Cadre légal concernant la mutuelle entreprise

Votée le 30 janvier 2009 et reprise en 14 juin 2013, la loi Fillon modifiant le Code de la Sécurité sociale oblige les employeurs à souscrire les employés à une complémentaire santé. Le but est de permettre à chacun de recevoir un juste remboursement des dépenses médicales.

De ce fait, les entreprises ont jusqu’ au 1er janvier2016 pour adhérer les travailleurs à une mutuelle leur permettant de jouir d’une couverture minimale des dépenses en matière de santé selon le projet de loi ANI. Les responsables ont le devoir de trouver une entente sur les termes du contrat et les cotisations entre les salariés et leurs employeurs.

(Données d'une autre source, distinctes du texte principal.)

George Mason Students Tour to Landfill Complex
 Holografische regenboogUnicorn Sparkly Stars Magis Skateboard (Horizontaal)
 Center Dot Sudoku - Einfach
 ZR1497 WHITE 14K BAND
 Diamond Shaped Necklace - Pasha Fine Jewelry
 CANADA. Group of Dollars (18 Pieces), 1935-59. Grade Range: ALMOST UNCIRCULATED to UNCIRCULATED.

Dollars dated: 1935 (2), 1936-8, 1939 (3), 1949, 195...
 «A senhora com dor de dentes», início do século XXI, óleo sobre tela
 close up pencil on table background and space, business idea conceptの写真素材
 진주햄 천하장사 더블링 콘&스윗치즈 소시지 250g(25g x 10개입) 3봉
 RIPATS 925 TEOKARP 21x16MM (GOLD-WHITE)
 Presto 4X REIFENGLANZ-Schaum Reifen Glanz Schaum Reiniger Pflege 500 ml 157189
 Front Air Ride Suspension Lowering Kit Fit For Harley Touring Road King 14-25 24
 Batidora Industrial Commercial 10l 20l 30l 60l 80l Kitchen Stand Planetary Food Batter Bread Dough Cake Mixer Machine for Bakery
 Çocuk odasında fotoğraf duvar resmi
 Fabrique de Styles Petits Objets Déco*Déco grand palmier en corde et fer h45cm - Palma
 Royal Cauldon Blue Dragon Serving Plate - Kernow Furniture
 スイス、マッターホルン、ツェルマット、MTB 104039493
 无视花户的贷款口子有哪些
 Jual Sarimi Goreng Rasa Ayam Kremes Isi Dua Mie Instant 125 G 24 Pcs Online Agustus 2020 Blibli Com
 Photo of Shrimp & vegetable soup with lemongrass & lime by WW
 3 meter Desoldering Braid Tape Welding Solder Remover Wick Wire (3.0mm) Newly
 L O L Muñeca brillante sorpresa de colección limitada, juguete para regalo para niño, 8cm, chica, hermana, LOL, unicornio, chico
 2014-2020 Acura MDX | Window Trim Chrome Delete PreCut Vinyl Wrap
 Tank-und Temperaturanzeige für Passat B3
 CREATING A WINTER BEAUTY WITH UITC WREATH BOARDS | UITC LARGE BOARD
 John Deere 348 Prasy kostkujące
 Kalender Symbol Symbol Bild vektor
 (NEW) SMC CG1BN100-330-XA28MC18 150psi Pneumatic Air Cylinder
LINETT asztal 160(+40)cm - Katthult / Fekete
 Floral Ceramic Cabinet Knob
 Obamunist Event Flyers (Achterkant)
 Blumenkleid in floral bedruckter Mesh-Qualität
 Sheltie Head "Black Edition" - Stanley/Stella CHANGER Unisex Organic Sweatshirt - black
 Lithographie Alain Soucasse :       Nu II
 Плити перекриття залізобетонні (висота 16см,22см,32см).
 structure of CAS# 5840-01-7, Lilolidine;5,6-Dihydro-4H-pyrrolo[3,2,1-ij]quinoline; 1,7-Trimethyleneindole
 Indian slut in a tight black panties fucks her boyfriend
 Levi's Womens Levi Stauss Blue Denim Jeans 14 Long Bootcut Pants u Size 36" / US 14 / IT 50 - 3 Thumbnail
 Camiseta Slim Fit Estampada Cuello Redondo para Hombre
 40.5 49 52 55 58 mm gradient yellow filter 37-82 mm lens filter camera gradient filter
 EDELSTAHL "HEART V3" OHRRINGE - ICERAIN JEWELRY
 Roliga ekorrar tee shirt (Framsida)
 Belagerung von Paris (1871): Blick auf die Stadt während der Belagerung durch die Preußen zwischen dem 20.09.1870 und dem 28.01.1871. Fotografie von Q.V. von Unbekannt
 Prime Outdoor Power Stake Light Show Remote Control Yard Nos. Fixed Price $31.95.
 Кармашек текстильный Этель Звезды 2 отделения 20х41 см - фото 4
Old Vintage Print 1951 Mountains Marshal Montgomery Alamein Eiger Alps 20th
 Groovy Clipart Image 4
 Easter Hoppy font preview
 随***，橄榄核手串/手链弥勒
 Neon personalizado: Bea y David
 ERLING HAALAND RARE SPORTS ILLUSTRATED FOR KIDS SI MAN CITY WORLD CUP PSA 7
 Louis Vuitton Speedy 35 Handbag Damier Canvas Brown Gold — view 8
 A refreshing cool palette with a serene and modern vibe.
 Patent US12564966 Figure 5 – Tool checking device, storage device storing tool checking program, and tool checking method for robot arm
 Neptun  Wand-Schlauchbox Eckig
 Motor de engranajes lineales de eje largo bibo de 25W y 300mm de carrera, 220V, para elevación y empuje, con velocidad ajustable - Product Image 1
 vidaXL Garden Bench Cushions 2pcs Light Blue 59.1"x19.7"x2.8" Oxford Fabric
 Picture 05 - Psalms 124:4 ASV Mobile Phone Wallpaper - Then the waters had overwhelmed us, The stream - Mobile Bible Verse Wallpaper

Aux entreprises : mesures à prendre avant toute décision 

 

Le changement apporté par le Code de la Sécurité sociale stipule une obligation aux entreprises qui n’adhèrent pas à un accord de branche d’examiner la possibilité de choisir avec ses employés un assureur. En absence d’une réponse positive, les dirigeants choisissent un assureur possédant les critères imposés par les pouvoirs publics. L’employeur peut soumettre à ses travailleurs de reconnaître la validité du choix d’un assureur pour obéir à la loi. Dans tous les cas, la mutuelle choisie doit satisfaire aux attentes des employés en matière de couverture santé, comme le remboursement du ticket modérateur, la prise en charge partielle des dépenses en dehors du montant remboursé par la Sécurité sociale et autres frais médicaux. Les critères de remboursement ou panier de soins obligatoires sont déterminés par le décret publié dans le JO en date du 10 septembre 2014.

 

Les cotisations seront dues à moitié par les employeurs et ces derniers doivent  se conformer aux règlements relatifs aux salariés ne travaillant qu’à des heures réduites.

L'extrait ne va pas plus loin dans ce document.